7/Al-A'raf-12: Hij (Allah) vroeg: "Wat belemmerde jou je neer te knielen, toen Ik het jou beval?" Hij zei: "Ik ben beter dan hem (Adam); U hebt mij uit vuur geschapen terwijl U hem uit aarde hebt geschapen."
7/Al-A'raf-13: Hij (Allah) zei: "Daal af uit het (Paradijs), want het past jou niet dat jij je er hoogmoedig in gedraagt. vertrek daaroum. Voorwaar, jij behoort tot de vernederden."
7/Al-A'raf-14: Hij zei:"Geef mij uitstel tot de Dag waarop zij opgewekt zullen worden."
7/Al-A'raf-15: Hij (Allah) zei: "Voorwaar, jij behoort tot hen aan wie uitstel is gegeven."
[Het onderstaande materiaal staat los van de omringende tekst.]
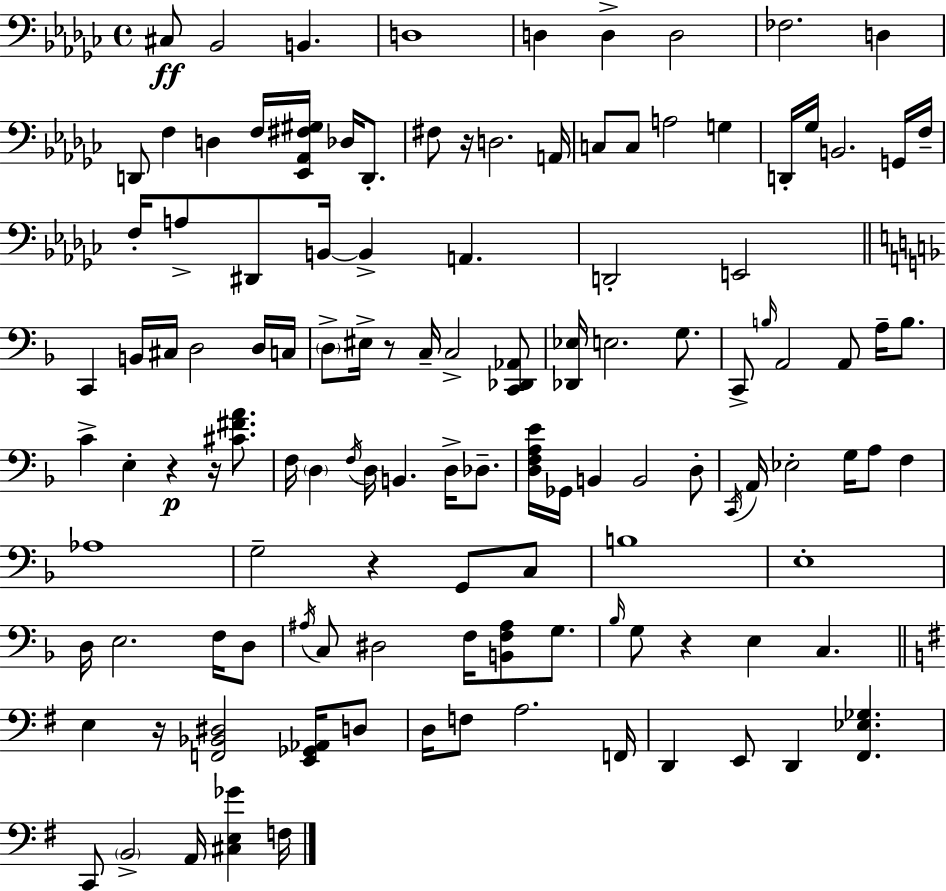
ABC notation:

X:1
T:Untitled
M:4/4
L:1/4
K:Ebm
^C,/2 _B,,2 B,, D,4 D, D, D,2 _F,2 D, D,,/2 F, D, F,/4 [_E,,_A,,^F,^G,]/4 _D,/4 D,,/2 ^F,/2 z/4 D,2 A,,/4 C,/2 C,/2 A,2 G, D,,/4 _G,/4 B,,2 G,,/4 F,/4 F,/4 A,/2 ^D,,/2 B,,/4 B,, A,, D,,2 E,,2 C,, B,,/4 ^C,/4 D,2 D,/4 C,/4 D,/2 ^E,/4 z/2 C,/4 C,2 [C,,_D,,_A,,]/2 [_D,,_E,]/4 E,2 G,/2 C,,/2 B,/4 A,,2 A,,/2 A,/4 B,/2 C E, z z/4 [^C^FA]/2 F,/4 D, F,/4 D,/4 B,, D,/4 _D,/2 [D,F,A,E]/4 _G,,/4 B,, B,,2 D,/2 C,,/4 A,,/4 _E,2 G,/4 A,/2 F, _A,4 G,2 z G,,/2 C,/2 B,4 E,4 D,/4 E,2 F,/4 D,/2 ^A,/4 C,/2 ^D,2 F,/4 [B,,F,^A,]/2 G,/2 _B,/4 G,/2 z E, C, E, z/4 [F,,_B,,^D,]2 [E,,_G,,_A,,]/4 D,/2 D,/4 F,/2 A,2 F,,/4 D,, E,,/2 D,, [^F,,_E,_G,] C,,/2 B,,2 A,,/4 [^C,E,_G] F,/4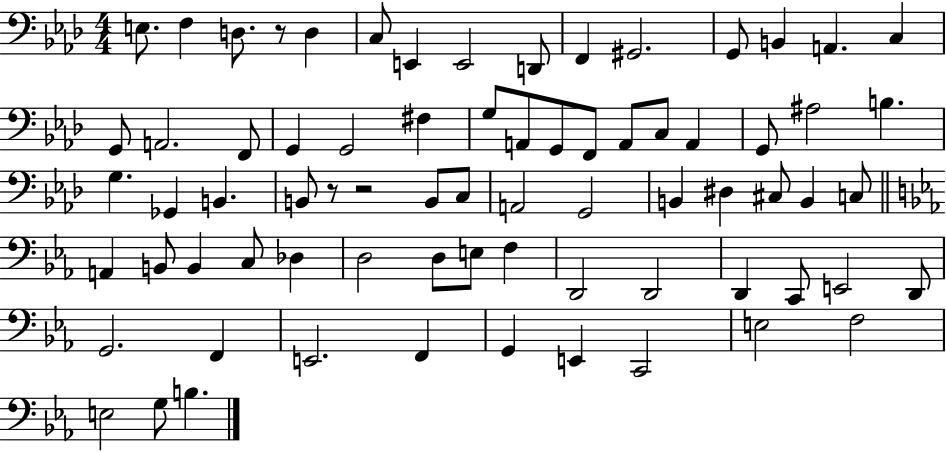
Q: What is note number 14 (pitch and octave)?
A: C3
7/Al-A'raf-16: Hij (Iblis) zei: "Omdat U mij hebt doen dwalen, zal ik hen belemmeren op Uw recht Pad.
7/Al-A'raf-17: Daarna zal ik zeker tot hen komen, van voor hen en ven achter hen en van hun rechterzijde en van hun linkerzijde, en U zult de meesten van hen niet als dankbaren aantreffen."
7/Al-A'raf-18: Hij (Allah) zei: 'Ga er uit weg, veracht en verstoten. Wie van hen jou dan volgt: voorwaar, Ik zal de hel vullen met jullie allen."
7/Al-A'raf-19: En: "O Adam, verblijft in het Paradijs, jij en je vrouw, en eet wat jullie willen, en nadert deze boom niet, want dan zullen jullie tot de onrechtplegers behoren."
7/Al-A'raf-20: Toen fluisterde de Satan hen in om te onthullen wat er van hun schaamte bedekt was, en hij zei: "Jullie Heer houdt jullie slechts van deze boom af omdat jullie anders Engelen worden, of dat jullie tot de eeuwiglevenden zullen behoren."
7/Al-A'raf-21: En hij bezwoer hun: "Voorwaar, ik behoor voor jullie zeker tot raadgevers,"
7/Al-A'raf-22: Waarlijk, hij bedroog hen door misleiding, Toen zij dan van (de vruchten van) de boom hadden geproefd, werd hun schaamte zichtbaar en zij begonnen zich to bedekken met aaneenge-regen bladeren van het Paradijs. En hun Heer riep tot hen: "Heb ik jullie deze boom van jullie niet verboden en heb Ik niet tot jullie gezegd: "Voorwaar, de Satan is voor jullie een duidelijke vijand?"